* **Your instructions**: State the number of lines in the records that contain "online", with no other words.

[Caption-style text data]
===============

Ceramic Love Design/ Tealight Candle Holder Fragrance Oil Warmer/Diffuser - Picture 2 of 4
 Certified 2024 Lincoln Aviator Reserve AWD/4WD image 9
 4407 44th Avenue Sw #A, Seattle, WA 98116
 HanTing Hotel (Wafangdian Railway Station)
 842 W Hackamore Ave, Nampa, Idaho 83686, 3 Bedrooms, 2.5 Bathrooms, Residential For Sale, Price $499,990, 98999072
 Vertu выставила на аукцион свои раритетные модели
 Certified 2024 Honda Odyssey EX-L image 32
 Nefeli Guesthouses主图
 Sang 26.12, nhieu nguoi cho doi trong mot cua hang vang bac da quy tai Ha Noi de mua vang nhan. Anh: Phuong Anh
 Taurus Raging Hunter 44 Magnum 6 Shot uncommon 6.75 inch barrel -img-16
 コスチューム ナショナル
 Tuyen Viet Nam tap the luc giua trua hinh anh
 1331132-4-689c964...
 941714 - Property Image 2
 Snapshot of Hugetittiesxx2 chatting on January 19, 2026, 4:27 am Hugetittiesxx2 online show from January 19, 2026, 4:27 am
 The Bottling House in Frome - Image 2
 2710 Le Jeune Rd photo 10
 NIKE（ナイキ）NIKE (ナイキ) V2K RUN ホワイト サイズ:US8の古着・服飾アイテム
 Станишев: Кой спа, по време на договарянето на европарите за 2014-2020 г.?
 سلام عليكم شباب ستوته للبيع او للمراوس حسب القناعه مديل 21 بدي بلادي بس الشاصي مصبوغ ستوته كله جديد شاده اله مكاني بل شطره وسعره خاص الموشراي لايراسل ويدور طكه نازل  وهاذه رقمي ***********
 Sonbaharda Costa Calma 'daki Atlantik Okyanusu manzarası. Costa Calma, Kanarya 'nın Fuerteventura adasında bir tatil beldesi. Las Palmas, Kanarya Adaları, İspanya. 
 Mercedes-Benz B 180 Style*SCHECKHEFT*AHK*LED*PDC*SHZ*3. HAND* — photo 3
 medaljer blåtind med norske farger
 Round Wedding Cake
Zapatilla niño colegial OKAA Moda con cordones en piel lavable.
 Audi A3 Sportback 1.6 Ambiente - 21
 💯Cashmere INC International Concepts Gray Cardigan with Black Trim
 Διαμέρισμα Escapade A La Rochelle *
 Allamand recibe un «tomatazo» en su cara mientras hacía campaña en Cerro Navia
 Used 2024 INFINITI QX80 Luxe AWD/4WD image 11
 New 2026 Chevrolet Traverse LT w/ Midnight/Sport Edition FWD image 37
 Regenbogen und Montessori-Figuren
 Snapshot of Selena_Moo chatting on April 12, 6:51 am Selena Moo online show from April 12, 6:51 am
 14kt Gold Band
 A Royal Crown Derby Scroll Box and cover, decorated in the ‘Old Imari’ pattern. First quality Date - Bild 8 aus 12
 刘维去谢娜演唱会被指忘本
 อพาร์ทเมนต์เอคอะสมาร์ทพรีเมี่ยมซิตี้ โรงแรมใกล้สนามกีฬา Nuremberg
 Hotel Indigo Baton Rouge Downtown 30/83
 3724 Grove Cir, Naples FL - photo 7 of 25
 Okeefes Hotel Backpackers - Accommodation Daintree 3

===============

* **Task answer**: 2